3      R v Wang [2014] NZCA 409.

4      Bell v Police [2014] NZHC 3052.

5      R v Ha [2014] NZHC 2621; R v Afakasi & Ors [2014] NZHC 2907; Tilialo-Staples v Police

[2013] NZHC 1255.

[32]     Even if you held the ephedrine as security for a debt, you knew its value and purpose.  That was why you must have known it was good security.  You knew what it was going to be used for when you returned it.  The money you were owed, as I have been told, arose from prior drug offending and was a species of laundering. The starting point in your case I adopt is seven years imprisonment.

Other offences uplift

[33]     The Crown seeks a further uplift of 18 -24 months to reflect your additional offending.  Your counsel contends for an uplift of no more than 12 months having regard to those imposed on your co-offenders, who have already been sentenced.

[34]     In the case of your wife, whose offending was considerably less than yours, I imposed a 12 month uplift.  Your further offending, I consider, would warrant a 24 month uplift, but as a matter of totality I reduce it to 18 months.

Previous related offending uplift

[35]     Quite distinctly, the Crown submits that  your sentence should be further uplifted by 12 months to recognise the fact that the offences for which you were on parole involved very similar offending.

[36]     That earlier offending, which emerged as a result of Operation Illusion in August 2002, involved the manufacture and distribution of methamphetamine on a large scale.
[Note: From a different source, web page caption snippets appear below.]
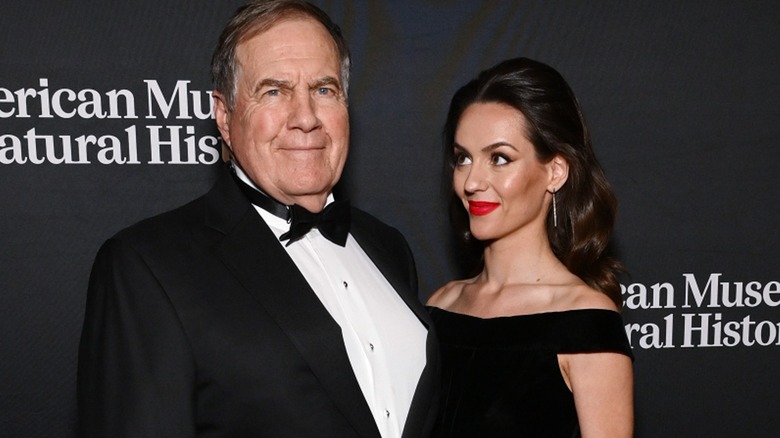 Bill Belichick et Jordon Hudson assistent au gala du Musée américain d'histoire naturelle à New York (2024)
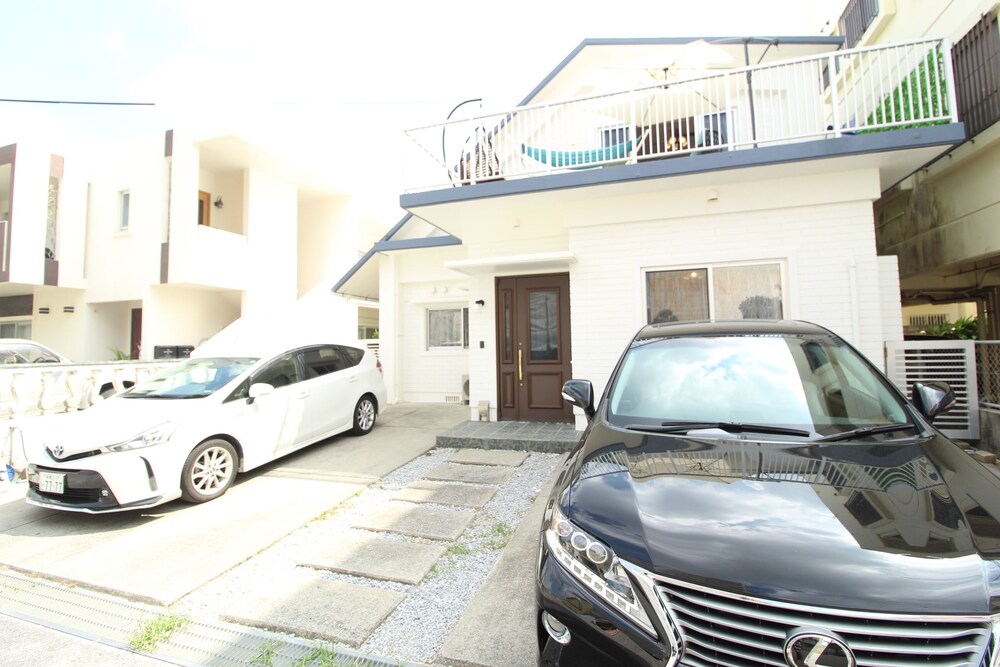 CHATAN SEASIDE AMERICAN HOUSE AO 那覇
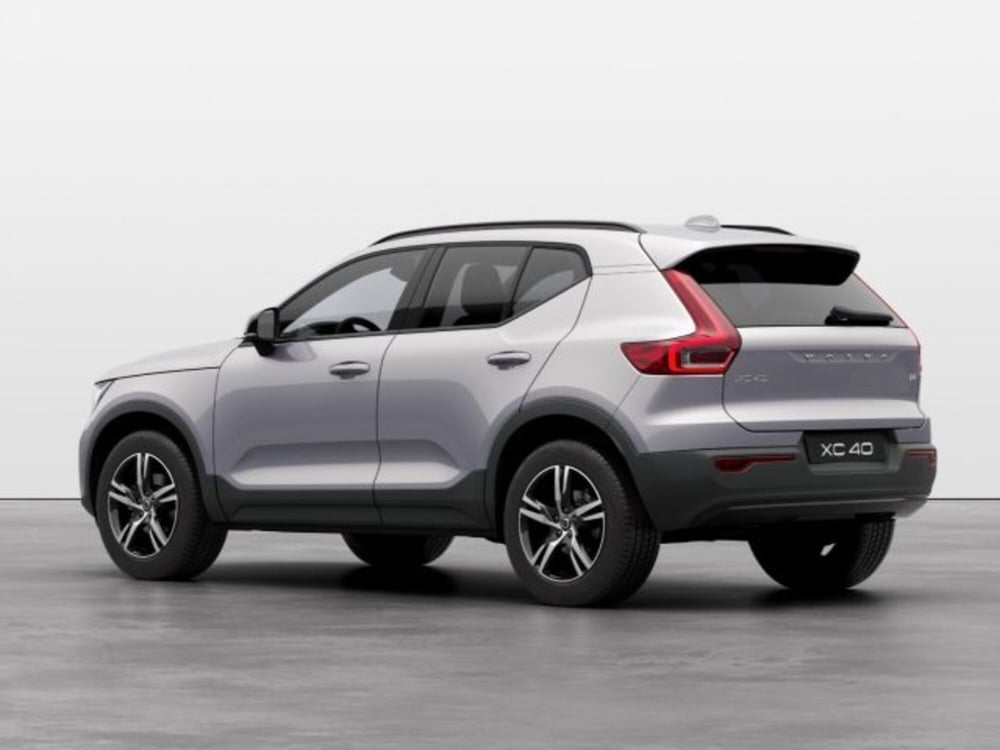 Volvo XC40 nuova a Modena (4)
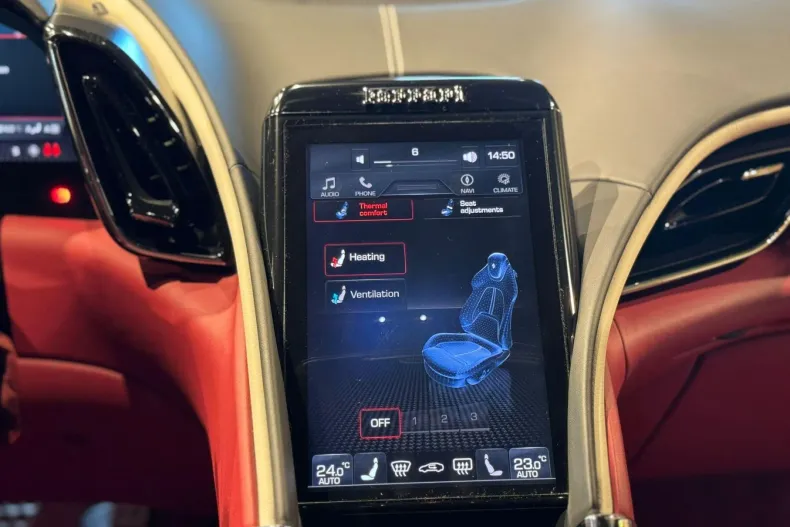 Ferrari Roma din 2023 cu 15.500 km - oferta FER153370 - foto 16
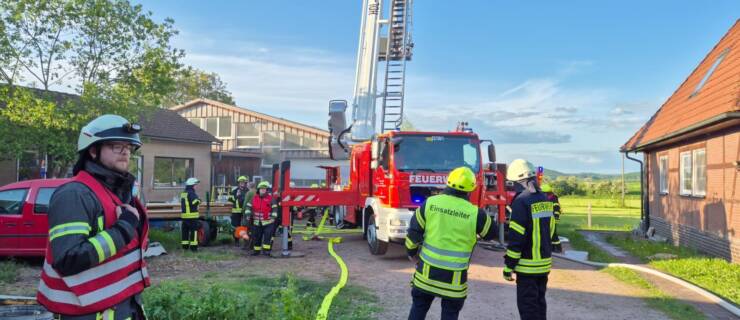 5 Verletzte nach Verpuffung in Tischlerei: Alarmübung der Feuerwehren in Braak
You were described on sentence as a significant participant.  The 12 year sentence imposed on you confirms how significant your role was.

[37]     Your counsel concedes that there must be an uplift but, having regard to your co-offenders already sentenced, contends that it ought to be no greater than nine months.   The Crown’s uplift appears to me to be fully justifiable but I will adopt your counsel’s submitted figure as a matter of totality.

Discounts

[38]     The result is that, subject to the discounts to which I find you are entitled, your offending warrants a sentence of imprisonment of nine years, three months.
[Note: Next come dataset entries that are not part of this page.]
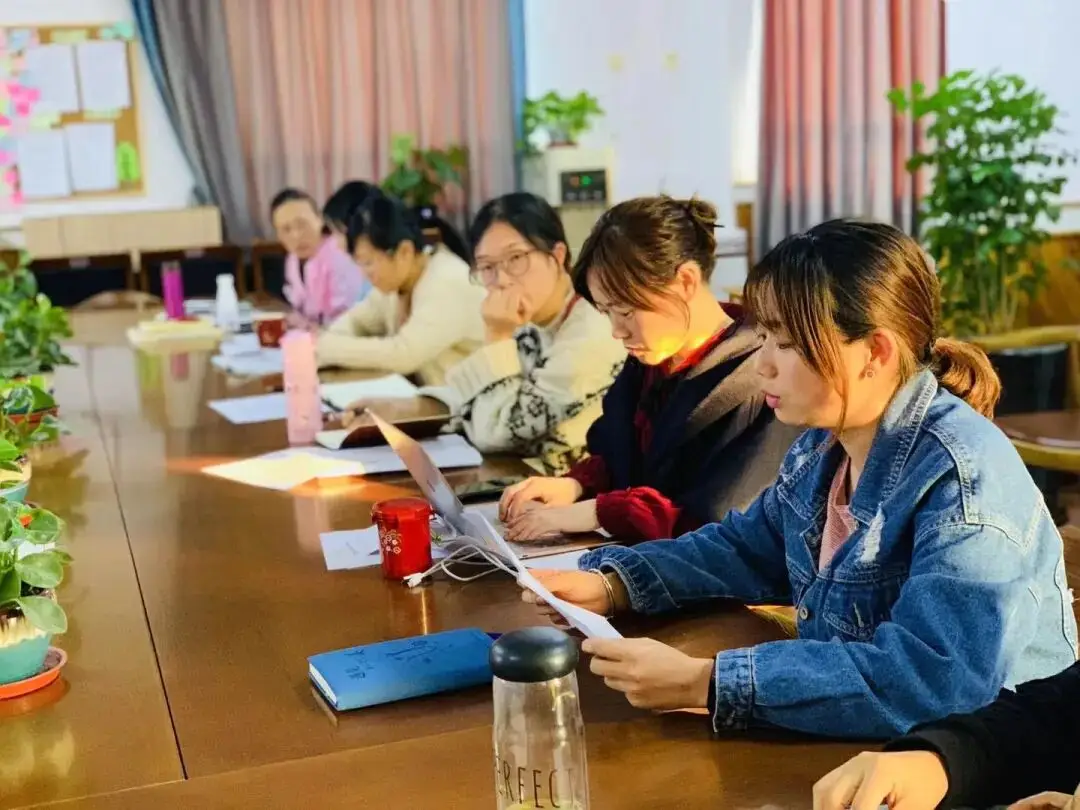科学育儿大全_科学育儿课堂_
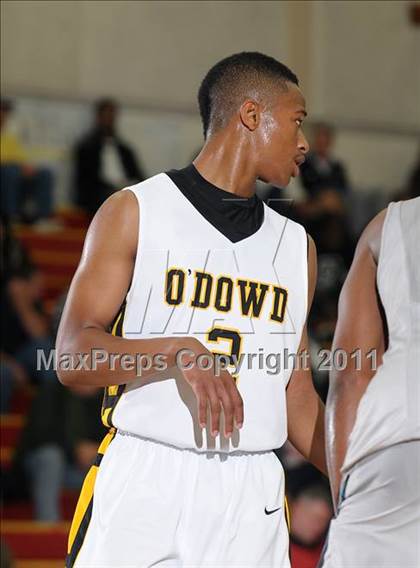 Thumbnail 2 in Sheldon vs. Bishop O'Dowd (Father Barry Christmas Classic) photogallery.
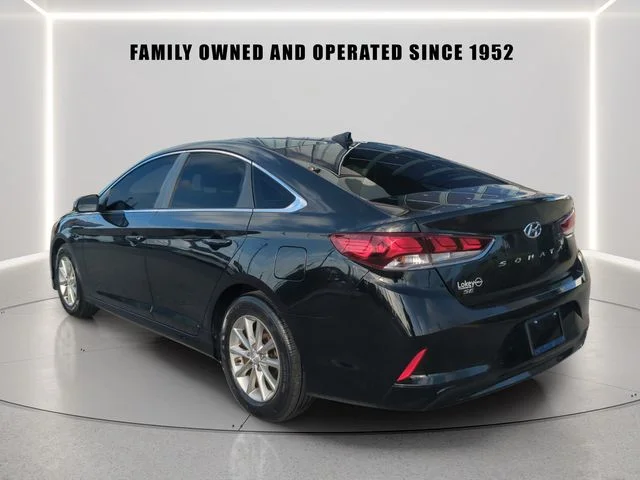 Used 2019 Black Hyundai SE image 4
The Crown accepts you are entitled to a 20 per cent discount for plea.  You contend, however, for a 25 per cent discount and claim two others, which the Crown does not oppose in principle, though questions as to scale.  I will deal with them first.
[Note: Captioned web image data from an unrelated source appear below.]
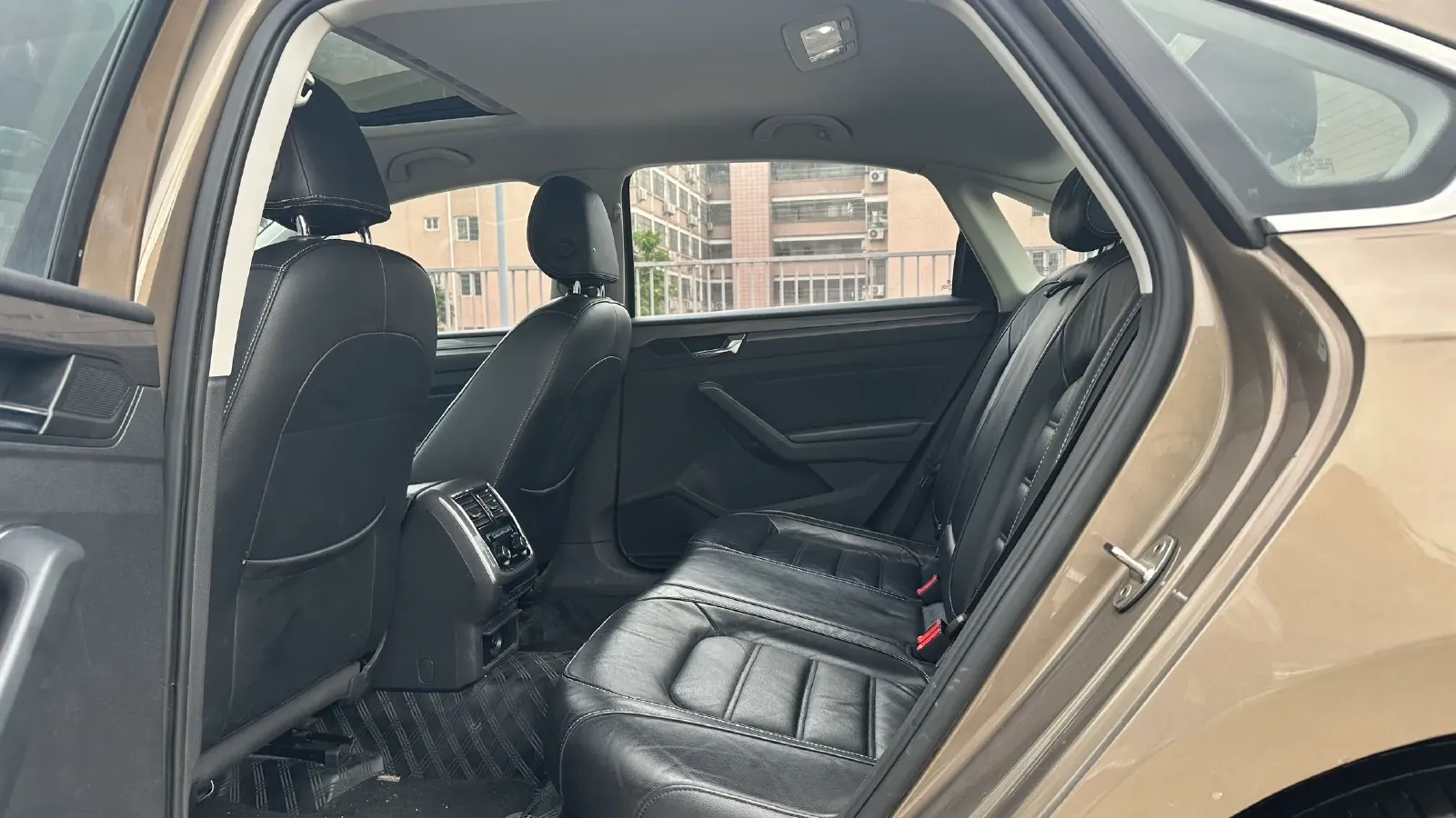 2017 Volkswagen Passat 1.8T 180HP L4 7DCT,autocango,china used car exporter,china ev exporter,chinese used car exporter,chinese used ev exporter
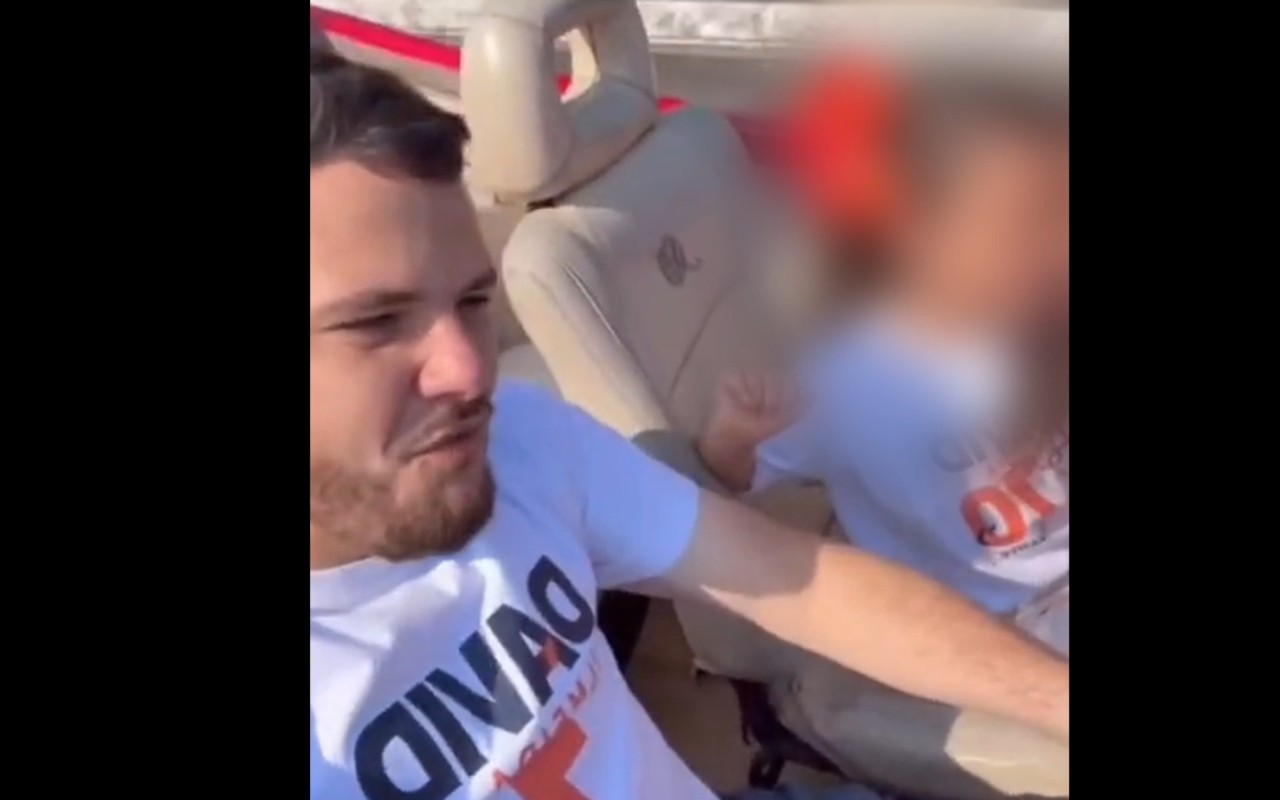 Renato Junior grava vídeo ao volante com a filha sem cinto no banco da frente e depois admite erro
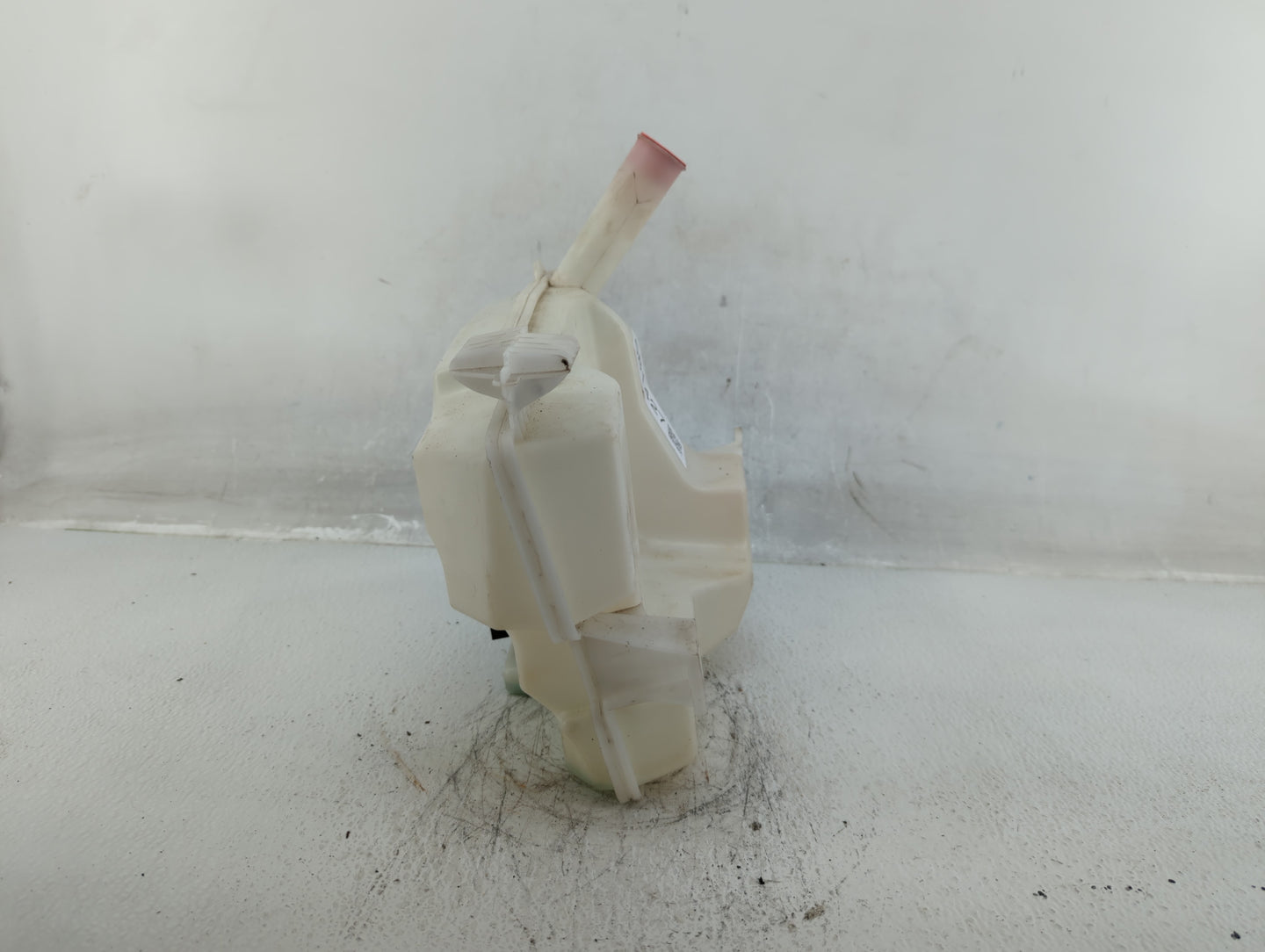 2012-2018 Ford Focus Windshield Washer Fluid Reservoir Bottle Oem - Oemusedautoparts1.com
Personal circumstances discount

[39]   First your counsel seeks a one month discount to reflect your personal circumstances, relying particularly on your positive response to your sentence since recall, most especially the extent to which you have undertaken intensive counselling and programs.

[40]     I hesitate to allow you any discount for personal circumstances, even on that incontestable basis, because you have not merely re-offended with the same people, you involved your wife and family.   I allow it, however, and only because it is as modest as it is.

Recall discount

[41]     You seek a distinct discount for the time you spent in custody on recall, which does not count administratively towards the sentence you are to serve.  That is a period of 17 months. As to that, you seek an equivalent discount.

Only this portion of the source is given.